Procès des Barjols«Ils voulaient tuer le président?» les vidéos de gardes à vue secouent le Tribunal
Projeter des extraits d’interrogatoires est une décision rare. Mais leur contenu permet d’éclaircir des potentielles divergences entre les déclarations des gardes à vue et leur retranscription.

Des plans fixes, le bruit de doigts qui pianotent sur un clavier et un flot de questions sur le projet de tuer le président Emmanuel Macron: la diffusion d’auditions de suspects en garde à vue en 2018 a ramené mercredi le procès des Barjols aux origines, parfois brumeuses, du dossier.
C’est le président du Tribunal correctionnel de Paris qui a pris la rare décision de projeter ces extraits des interrogatoires de certains des 13 prévenus soupçonnés d’avoir préparé des «actions violentes» contre le chef de l’État.
Objectif: répondre aux «points de contestation» soulevés par la défense sur des divergences entre les déclarations des gardes à vue et leur retranscription.

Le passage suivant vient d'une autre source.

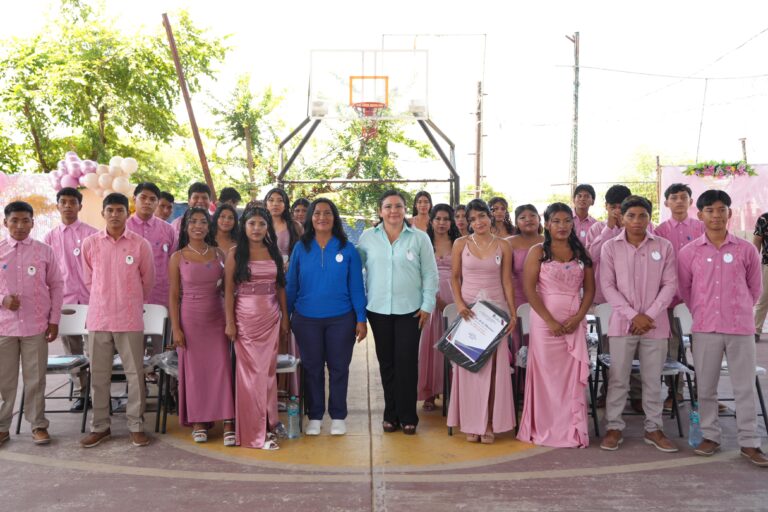 “El mundo se transforma con principios”, dice Abelina López a egresados de Preparatoria Loma Larga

Sur l’écran géant de la salle d’audience apparaît d’abord le visage tourmenté d’Antoine D. Il est 14h15 ce 6 novembre 2018 et cet Isérois de 22 ans vient d’être interpellé en Moselle avec trois autres personnes ayant gravité au sein des Barjols, dont l’ancien numéro 2 du groupuscule Jean-Pierre Bouyer.
Un certain «soulagement»
«Même si j’ai rien fait, je vais quand même avoir un truc?» s’inquiète Antoine D. auprès du policier de la direction générale du renseignement intérieur (DGSI) qui cherche à savoir ce qui s’est dit entre les quatre hommes lors d’une entrevue la veille.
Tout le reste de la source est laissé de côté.